How to complete this task —
Beginning with the line that holds "FERRO 30 Mt", write out each line exactly as it stands until the end of the data, and include no pictures.

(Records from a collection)
=== Section Start ===

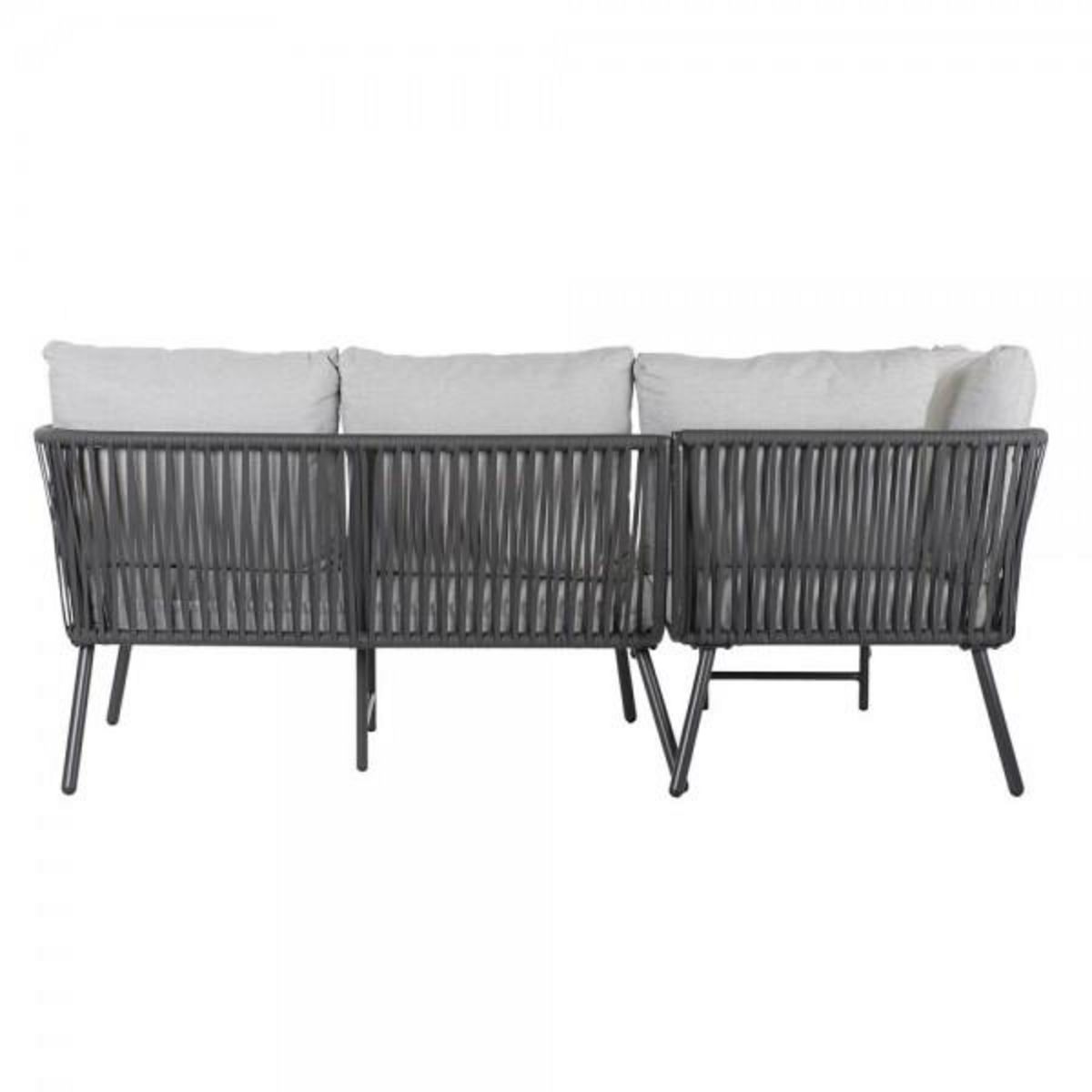 MARKET24 Canapé de jardin DKD Home Decor Noir Métal Aluminium Corde 30 x 40 cm 192 x 163 x 86 cm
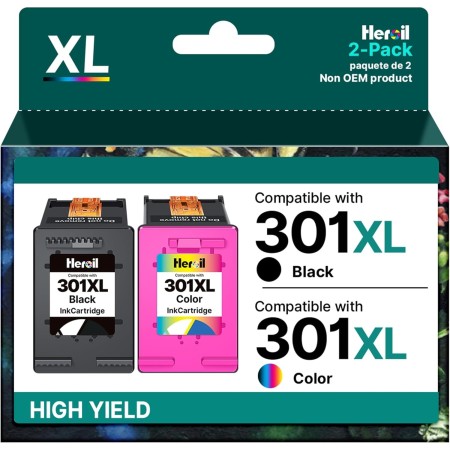 Heroil 301 301XL Negro y Color Cartuchos de Tinta para HP 301 XL, Alta Capacidad, Compatible para HP Envy 4500 5530 5534 DeskJet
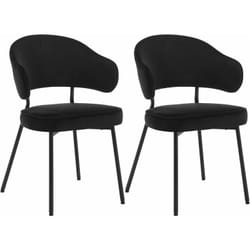Lot de 2 Chaises Salle à Manger avec Dossier Woltu Chaise de Cuisine Scandinave Velours, Pieds en Métal, Noir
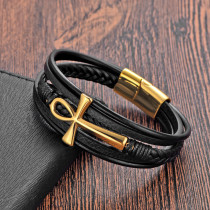 21CM stainless steel cross genuine leather bracelet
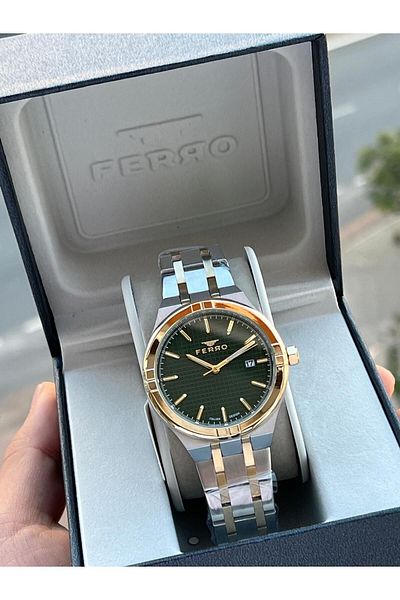 FERRO 30 Mt Water Resistant Men's Wristwatch - Steel Cord, Calendar Dial, Ef40122-D6
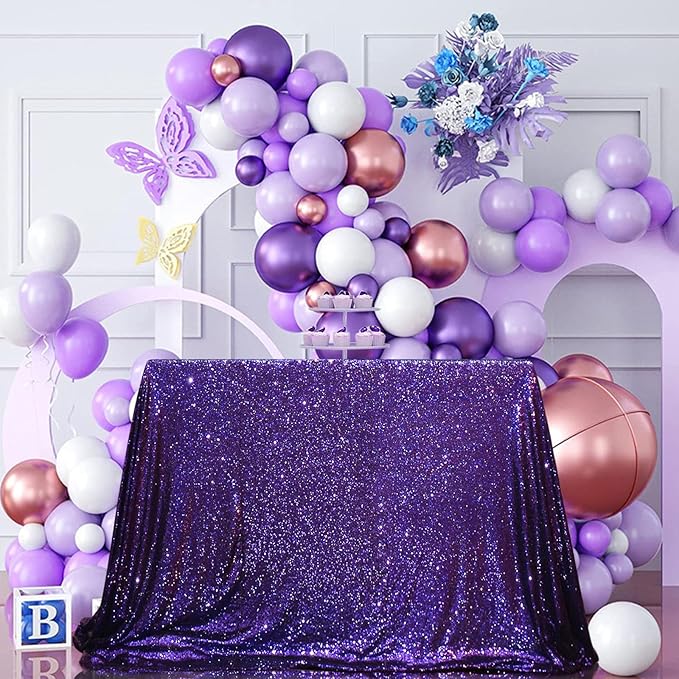 PartyDelight Sequin Tablecloth Purple Sparkly Table Cloth Rectangular 50"x80"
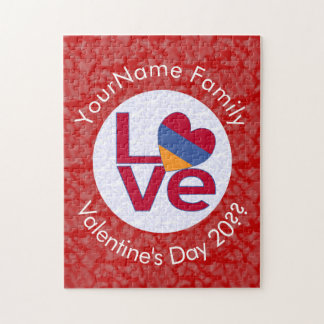 Personalized Armenian Red Letters LOVE Flag Jigsaw Puzzle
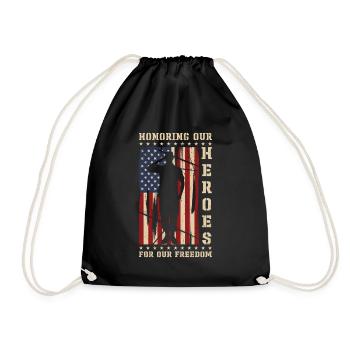 USA Independence Military Heroes Soldier Freedom - Drawstring Bag - black - Front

=== Section End ===

Expected answer —
 FERRO 30 Mt Water Resistant Men's Wristwatch - Steel Cord, Calendar Dial, Ef40122-D6
 PartyDelight Sequin Tablecloth Purple Sparkly Table Cloth Rectangular 50"x80"
 Personalized Armenian Red Letters LOVE Flag Jigsaw Puzzle
 USA Independence Military Heroes Soldier Freedom - Drawstring Bag - black - Front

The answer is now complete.